2026 Regular Session Introduced by Alex Marszalkowski

Rhode Island may allow banks to use a receipts-factor-only method for apportioning net income starting 2025, with a five-year commitment and alternatives if fairness requires.

06/23/2026 Signed by Governor
0
WeVote Research Nonpartisan
Bill Summary · HB 8611

Summary of HB 8611 (Rhode Island, 2026)

Purpose and Intent

  • The bill amends the statutes governing how banking institutions allocate and apportion income for Rhode Island tax purposes.
  • It aims to modify the rules for apportionment of net income between Rhode Island and other jurisdictions, clarifying options and processes for banks with multi-state business activity.
  • Effective for tax years beginning on or after January 1, 2025.

Key Provisions and Changes

  1. Apportionment Framework (Section 44-14-14.1)

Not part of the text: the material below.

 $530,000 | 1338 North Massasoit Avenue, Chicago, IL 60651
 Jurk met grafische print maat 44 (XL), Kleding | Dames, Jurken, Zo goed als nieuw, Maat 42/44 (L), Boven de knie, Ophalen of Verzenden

    • Reiterates current framework: banks with activity taxable in Rhode Island and elsewhere allocate and apportion net income under §§ 44-14-14.1 to 44-14-14.5.
    • Foreign banks with effectively connected income taxed in Rhode Island and another state follow the same §§.
  2. Apportionment Formula (Section 44-14-14.1(b))

    • Net income apportioned to Rhode Island via an apportionment percentage.
    • Apportionment percentage is the average of three factors: receipts factor, property factor, and payroll factor.
    • If a factor is missing (both numerator and denominator are zero), it is excluded from the average; if two factors are missing, only the remaining factor determines the apportionment percentage.
    • A factor is not considered missing merely because its numerator is zero.
  3. Accounting Method Consistency (Section 44-14-14.1(c))

    • Each factor must be computed using the taxpayer’s accounting method for the year (cash or accrual).
  4. Transition Rules and Alternative Methods (Sections 44-14-14.1(d) and (e))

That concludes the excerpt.